Calimmune, Inc. today announced that encouraging results from a first group of participants indicates the company is ready to begin treating a second cohort in a clinical trial involving the use of Cal-1, an innovative gene-based stem cell therapy to help protect individuals infected with HIV from progressing to AIDS.
“While still early in clinical development, this announcement demonstrates real progress towards this mission. The accomplishment of Calimmune’s team is a great example of how CIRM partnerships are working to impact patient’s lives today.”
Calimmune was given approval to move ahead following a review of safety data by their Data Safety Monitoring Board (DSMB). The DSMB confirmed that none of the participants experienced any serious adverse events or dangerous side effects from the therapy.
“We are very excited and encouraged by this development,” says Louis Breton, Chief Executive Officer of Calimmune. “This recommendation from the DSMB is an important step in bringing this potential one-time therapy to the patients, and takes us closer to our ultimate goal of eradicating AIDS.”
Breton continued: “We are proud of our ongoing partnership with the California Institute for Regenerative Medicine (CIRM), and are most appreciative of their continued financial support of this critical effort.”
The Phase I/II clinical trial focuses on a protein called CCR5 that plays a critical role in enabling HIV to infect cells. Blocking CCR5 expression may provide the cells a protective shield against HIV, which in turn would help retain immune system functionality.

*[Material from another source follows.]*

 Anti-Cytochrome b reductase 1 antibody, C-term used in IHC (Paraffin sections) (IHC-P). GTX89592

“The mission of CIRM is to efficiently accelerate the development of stem cell treatments for patients suffering from unmet medical conditions,” said, C. Randal Mills, Ph.D., President and CEO of CIRM. “While still early in clinical development, this announcement demonstrates real progress towards this mission. The accomplishment of Calimmune’s team is a great example of how CIRM partnerships are working to impact patient’s lives today.”
In the first phase of this study 4 HIV-positive participants were infused with their own blood stem cells as well as mature T cells that had been modified to carry a gene that blocks production of CCR5. The hope is that those stem cells will then create a new blood system that is resistant to HIV. To guard against the virus forming resistance, the team has used a second mechanism to prevent the virus from fusing with the patient’s cells.

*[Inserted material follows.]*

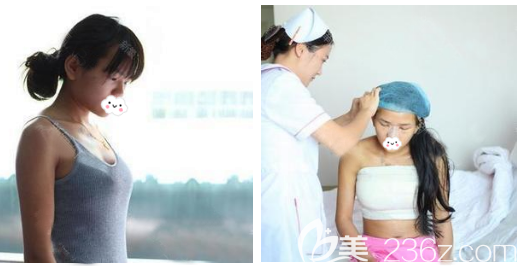 在東莞美立方做玉兔動(dòng)感隆胸術(shù)前照片 在東莞美立方做玉兔動(dòng)感隆胸術(shù)前照片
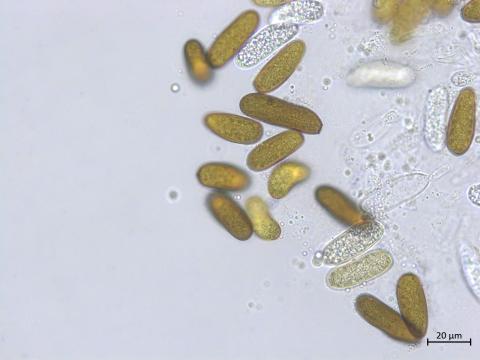 Diplodia_sp_1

The participants had all previously been on anti-retroviral drugs but had discontinued taking them because of side effects or treatment fatigue.
The second group of 3-4 participants will not only get Cal-1 but will also get a preconditioning regimen with the aim of making the therapy more effective.

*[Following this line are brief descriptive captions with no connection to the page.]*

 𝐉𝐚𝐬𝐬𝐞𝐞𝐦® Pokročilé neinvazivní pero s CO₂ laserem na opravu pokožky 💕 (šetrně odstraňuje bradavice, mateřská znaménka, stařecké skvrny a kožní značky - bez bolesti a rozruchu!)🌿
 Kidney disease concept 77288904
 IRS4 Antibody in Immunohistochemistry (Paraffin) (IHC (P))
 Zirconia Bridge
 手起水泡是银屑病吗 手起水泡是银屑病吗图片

The goal of the trial – which is being conducted in San Francisco and Los Angeles – is to assess the safety of the therapy, to determine the ease of use and feasibility of the approach for HIV/AIDS patients and to evaluate what, if any, side effects there may be.
“With more than one million Americans living with HIV, there is clearly an urgent need for a therapy that does more than just hold the virus at bay,” says Jonathan Thomas, Ph.D., J.D., Chair of the stem cell agency’s governing Board. “Current medications are effective, but come with a big cost both in terms of dollars and side effects. Our goal is to find an approach that effectively cures people with HIV/AIDS.”